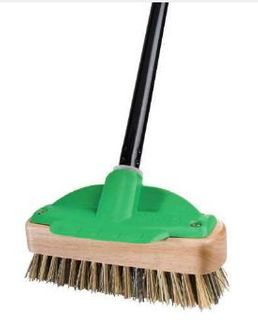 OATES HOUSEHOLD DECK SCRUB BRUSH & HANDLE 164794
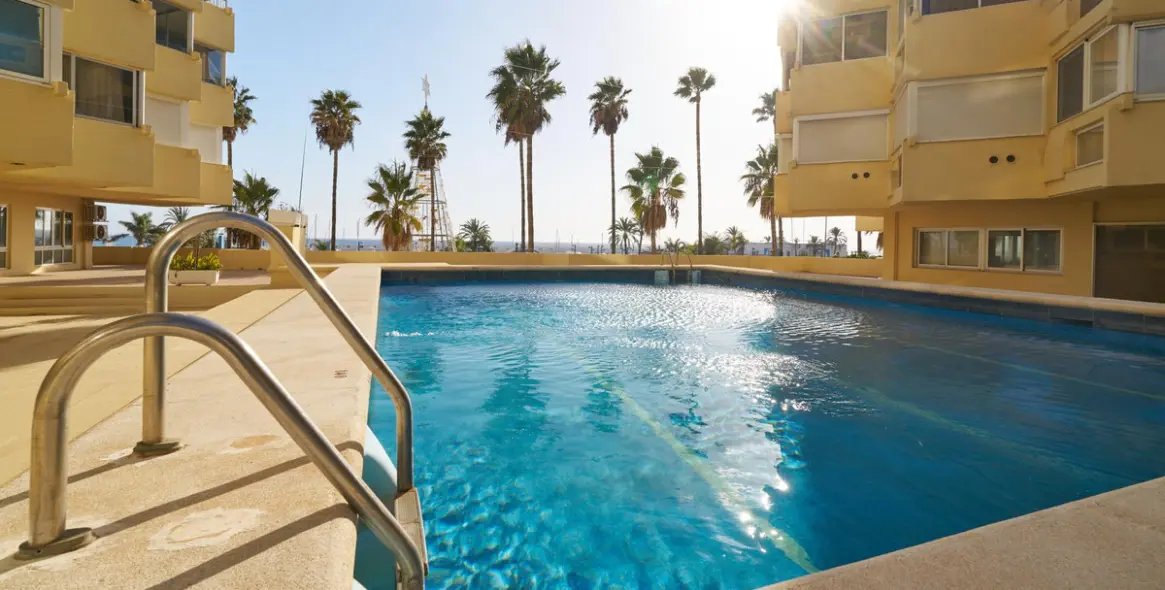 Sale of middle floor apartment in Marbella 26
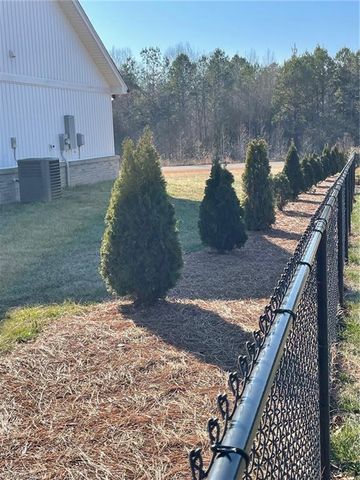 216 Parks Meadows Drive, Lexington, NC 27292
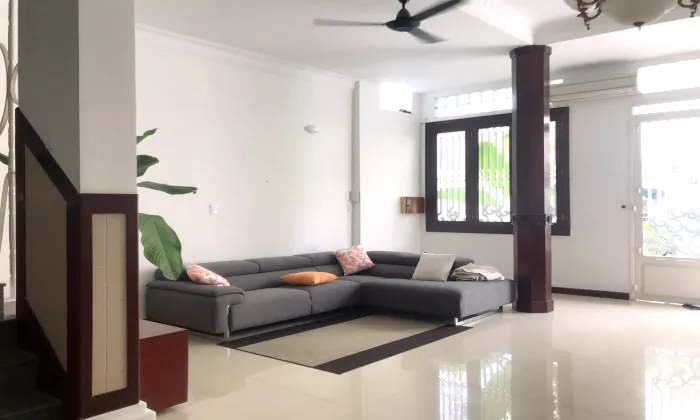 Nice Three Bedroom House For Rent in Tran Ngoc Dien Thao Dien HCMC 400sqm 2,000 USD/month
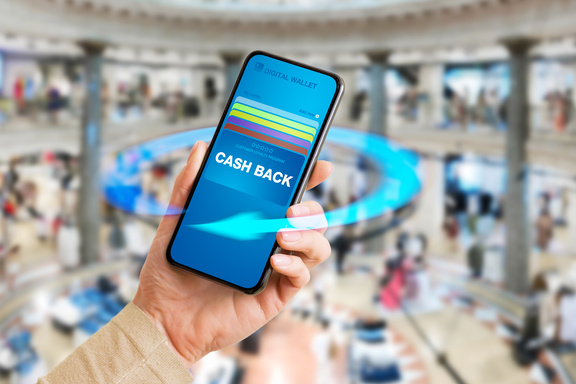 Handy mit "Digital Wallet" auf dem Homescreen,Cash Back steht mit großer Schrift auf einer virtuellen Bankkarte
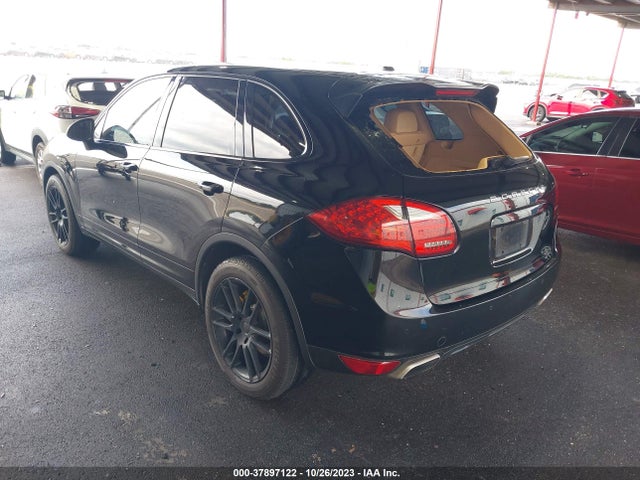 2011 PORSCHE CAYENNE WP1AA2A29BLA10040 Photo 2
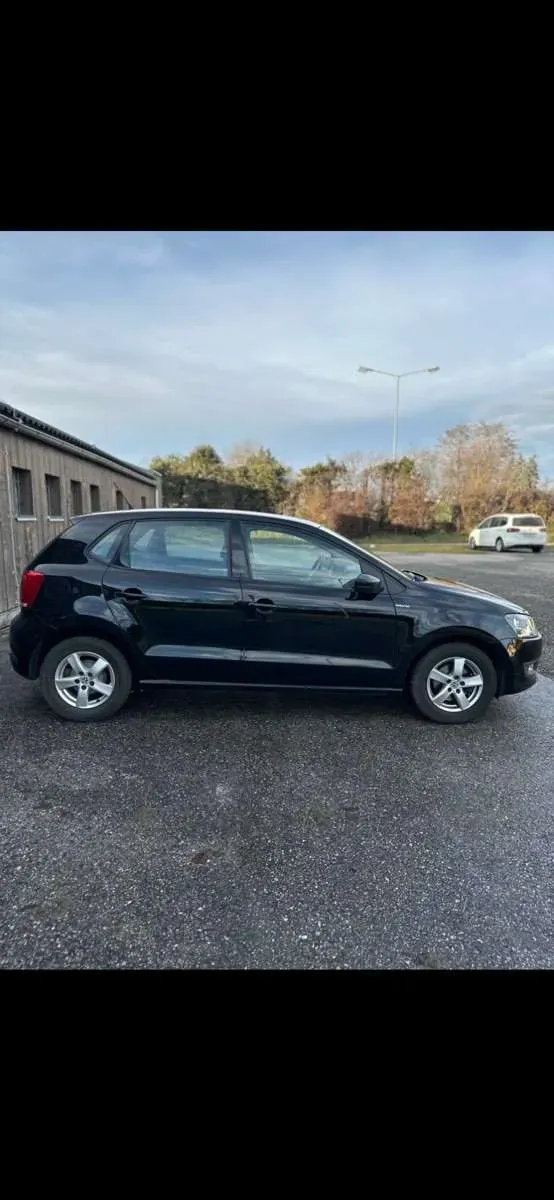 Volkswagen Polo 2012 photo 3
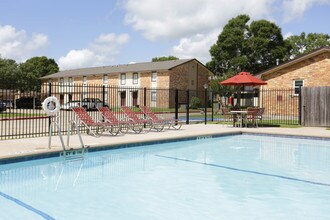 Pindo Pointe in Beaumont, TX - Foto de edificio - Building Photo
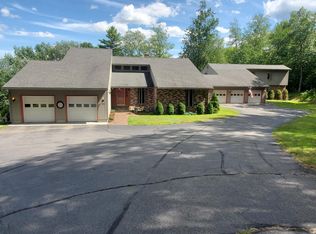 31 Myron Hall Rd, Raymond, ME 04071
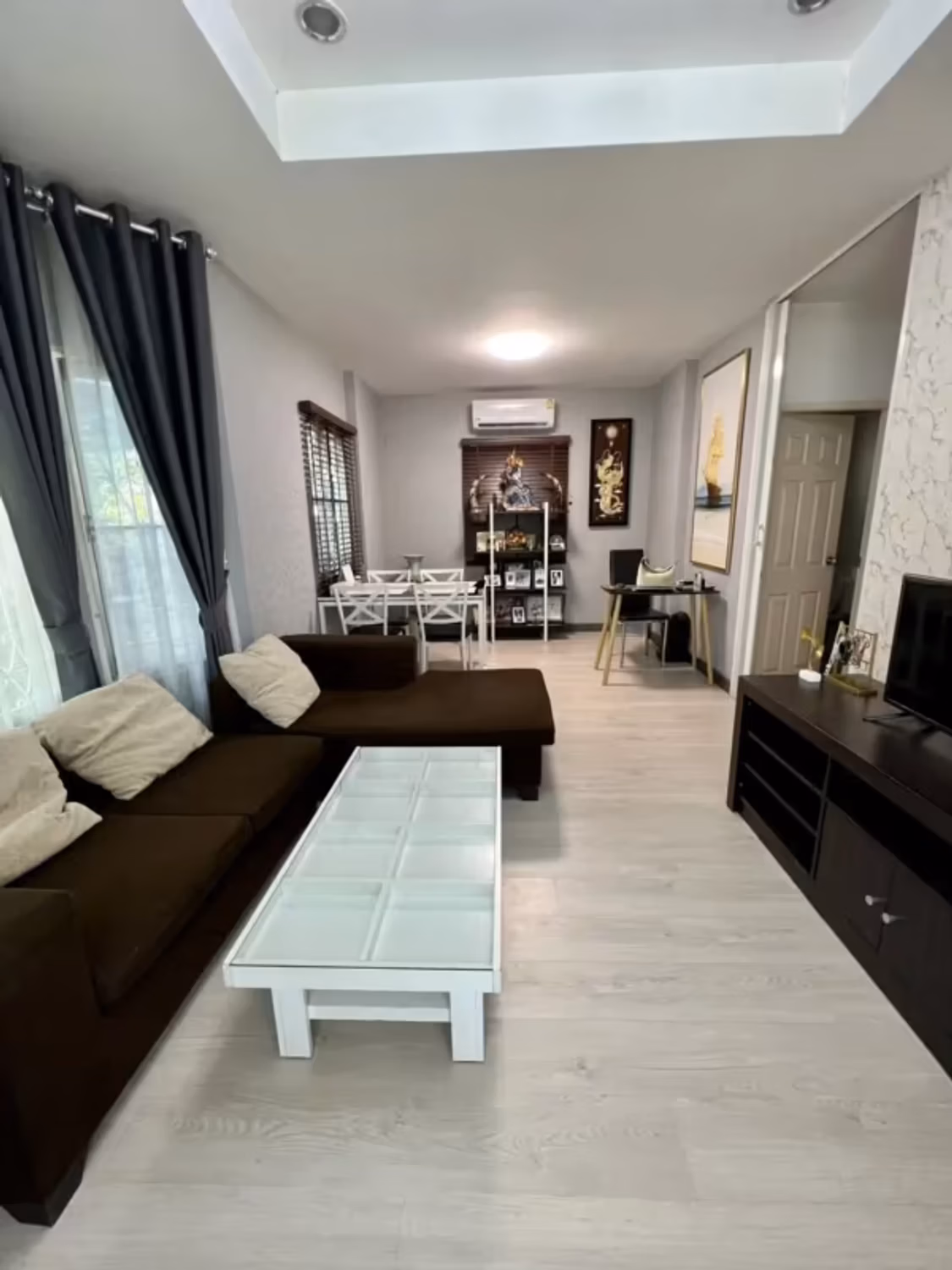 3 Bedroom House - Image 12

▶ **What to produce**
Exact repetition of the material above is required, with the images removed.

▶ **Exercise answer**
 OATES HOUSEHOLD DECK SCRUB BRUSH & HANDLE 164794
 Sale of middle floor apartment in Marbella 26
 216 Parks Meadows Drive, Lexington, NC 27292
 Nice Three Bedroom House For Rent in Tran Ngoc Dien Thao Dien HCMC 400sqm 2,000 USD/month
 Handy mit "Digital Wallet" auf dem Homescreen,Cash Back steht mit großer Schrift auf einer virtuellen Bankkarte
 2011 PORSCHE CAYENNE WP1AA2A29BLA10040 Photo 2
 Volkswagen Polo 2012 photo 3
 Pindo Pointe in Beaumont, TX - Foto de edificio - Building Photo
 31 Myron Hall Rd, Raymond, ME 04071
 3 Bedroom House - Image 12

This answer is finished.